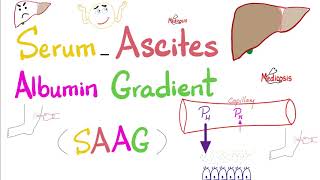 Serum Ascites Albumin Gradient SAAG  Peritoneal Effusion  Lab 🧪 [upl. by Chrysler]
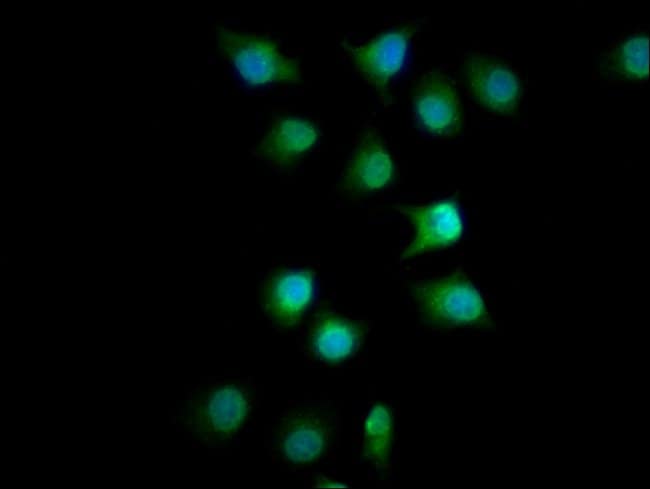 100UG FMN1 ANTIBODY 100 ug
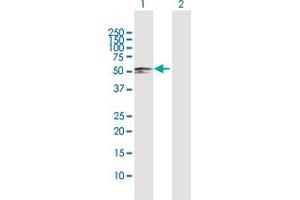 Western Blot analysis of SARS2 expression in transfected 293T cell line by SARS2 MaxPab polyclonal antibody. (SARS2 antibody  (AA 1-518))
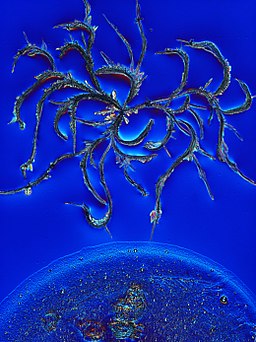 Crystals_of_IgG_antibodies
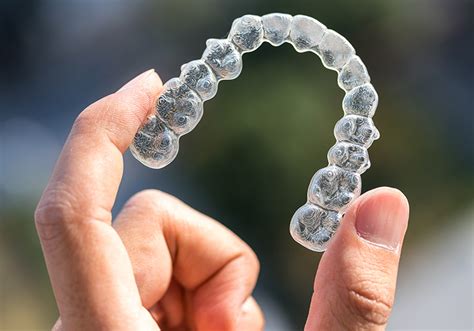 Gerade bei erwachsenen stören zahnlücken, schiefe zähne oder unharmonische zahnbögen den ästhetischen ausdruck des gesichtes. Invisalign oder Clear Aligner - Dr. med. dent. Kerstin Meudt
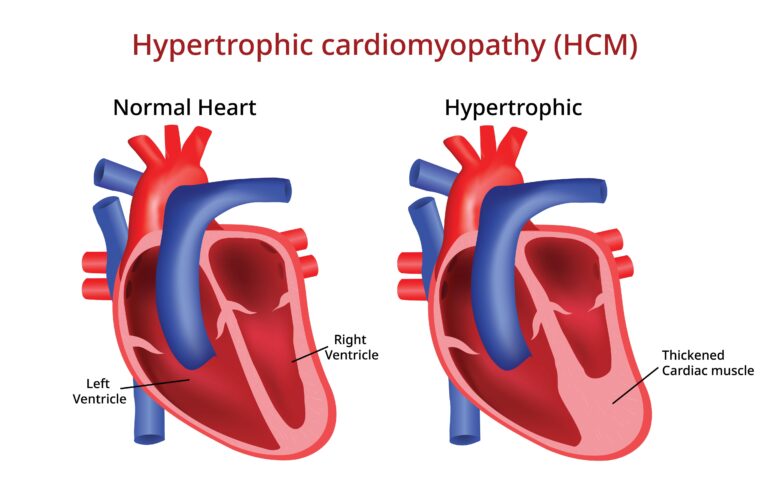 Medical illustration from Vitals Daily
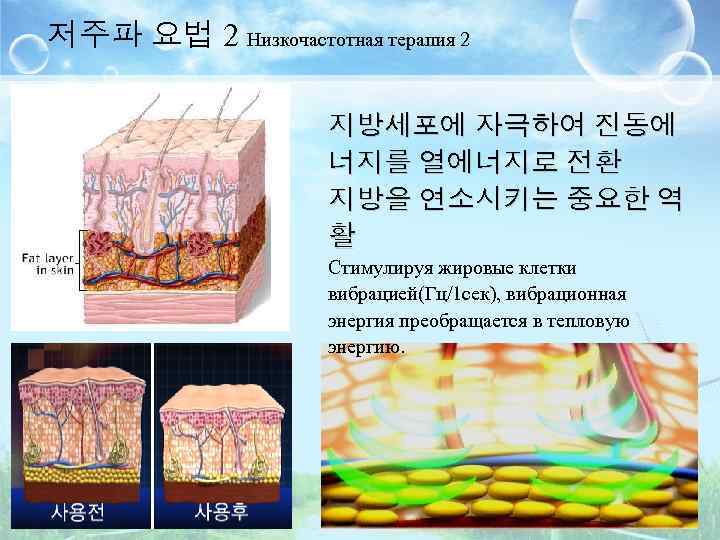 저주파 요법 2 Низкочастотная терапия 2 지방세포에 자극하여 진동에 너지를 열에너지로 전환 지방을 연소시키는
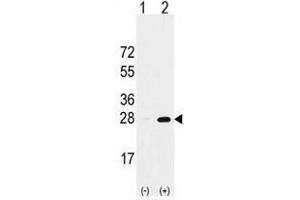 Image no. 1 for anti-Proteasome Subunit alpha 5 (PSMA5) (Middle Region) antibody (ABIN356946) (PSMA5 anticorps  (Middle Region))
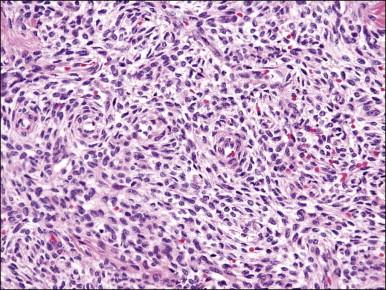 Figure 20.3, Endometrial stromal nodule. The tumor cells are small (‘blue’) with scant cytoplasm and oval to round nuclei that sometimes whorl around arterioles. The microscopic appearance overlaps with that of low-grade endometrial stromal sarcoma.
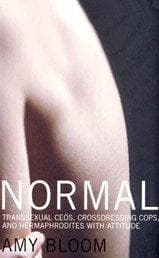 Tapa de Normal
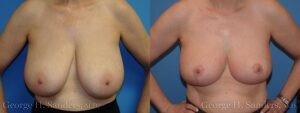 Patient 15a Breast Reduction Before and After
● ● ● ●
◆ **Exercise prompt**:
All lines from the one containing "저주파 요법 2 Низкочастотная" through the end of the entries above must be given again exactly, with every picture omitted.

◆ **Exercise response**:
 저주파 요법 2 Низкочастотная терапия 2 지방세포에 자극하여 진동에 너지를 열에너지로 전환 지방을 연소시키는
 Image no. 1 for anti-Proteasome Subunit alpha 5 (PSMA5) (Middle Region) antibody (ABIN356946) (PSMA5 anticorps  (Middle Region))
 Figure 20.3, Endometrial stromal nodule. The tumor cells are small (‘blue’) with scant cytoplasm and oval to round nuclei that sometimes whorl around arterioles. The microscopic appearance overlaps with that of low-grade endometrial stromal sarcoma.
 Tapa de Normal
 Patient 15a Breast Reduction Before and After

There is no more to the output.